For those interested in learning more about Louis — and reading a hilarious anecdote about local rabbi politics — there is an oral history done with Louis in the 1970s. It is part of the Konnilyn Feig, PhD, Jewish oral history collection housed in the Portland Room at the Portland Public Library and can also be found on the Library’s website.
So… what what else were they up to besides deconstructing Shakespeare and being endangered by DH Lawrence? These discussions included:
Vitamins and health
The Treatment of the Arthurian Legend by Edward Arlington Robinson
Child labor
This Unbelievable World
Cardozo
The Case for Italy
The Jew of Today: Why he is. What he is.
Although the phantom binders may yet prove real… I am on the trail… one project does survive, preserved in a separate binder by the presenter himself, Dave Astor. Dave saved all his stuff. And this past year he gave his unique collection to MHS. Aimee, a graduate library student from Simmons, who interned with us this fall, processed everything.
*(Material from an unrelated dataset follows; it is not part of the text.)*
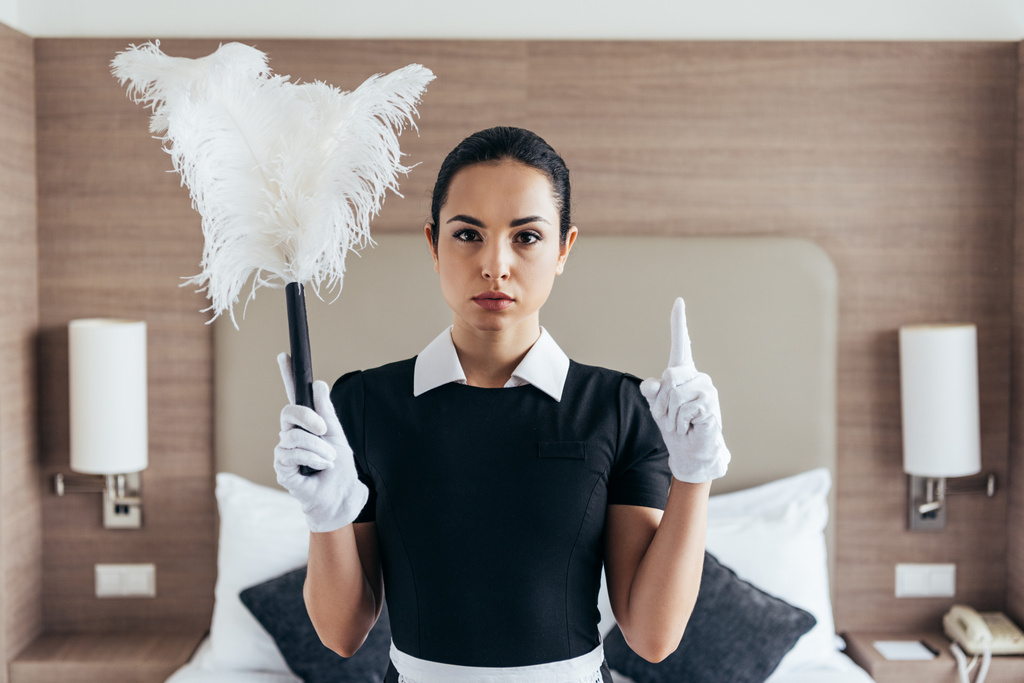 Widok z przodu poważne pokojówka w białych rękawiczkach trzyma Duster i pokazując pomysł znak w pokoju hotelowym - Zdjęcie, obraz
Among Dave’s varied and interesting treasures is his Maimonides Club Project scrapbook, not currently part of his collection at Maine Historical Society, although we anticipate the transfer to us. In late December 1946 and early January 1947, Dave Astor sent a letter querying an unknown number of individuals, representing a variety of organizations, on anti-Semitism. Dave had been invited to join the Club after his discharge from the military in 1945. Consistent with his gregarious nature and secular Jewish involvements, he made his debut by seeking the thoughts and opinions of those prominent in civic life rather than taking an academic approach, as others had done. Dave sent a second mailing in 1991; obviously not part of the Portland Maimonides Club, but for his own interest.
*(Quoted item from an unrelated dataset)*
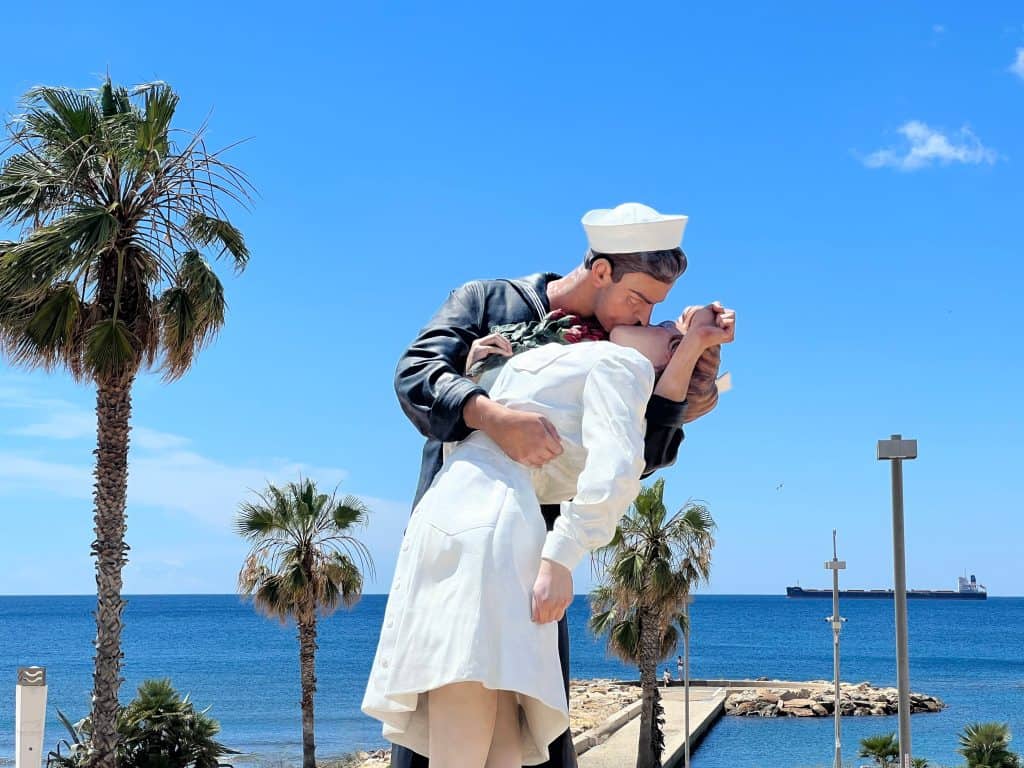 One day in Civitavecchia: Sailor kissing nurse sculptor on waterfront with sea in the background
In 1946- 47 Dave received about 36 responses. Among others, he heard from: City of Detroit; Interracial Review; Gov. Horace Hildreth; US Military Academy.
In 1991-92 he had 25 responses including Senators Tom Harkin and Orrin Hatch, Chrysler Corporation, and Jesse Helms.
In 1947, Astor received a copy of an eleven page speech from J. Edgar Hoover of the FBI. Hoover had delivered the speech at a meeting of the Boston B’nai B’rith in 1940.
The response from Reginald Brach, President of Time Warner, dated in 1991, is written on the letter Dave sent to him — the same letter that Dave used in his original mailing in 1947. Brach replies, “It is repugnant on every level.”
The approximately sixty responses are varied. The tone runs the gamut from neutral, including some bloodless form letters — to pithy and emphatic, with some speechifying thrown in. Naturally, they raise a number of interesting issues to explore in the future — with the Maimonides Club itself, its members and what I hope will be a trove of papers, including Dave’s.
Preservation of Maine Jewish historical materials by Maine Historical Society, other collecting institutions — and individuals — has enriched both of our Jewish history conferences. Today’s student exhibit, the panel display at Maine Jewish Museum curated by Amy Waterman, installations at Sampson Center for Diversity, postings on the DMJ website, and exhibits and research projects at Maine Historical Society were made possible not only by institutions and professionals. We have benefited directly and enormously, and maybe especially, from those individuals — in this case Phil Levinsky and Dave Astor — who chose not to toss something into a Dumpster.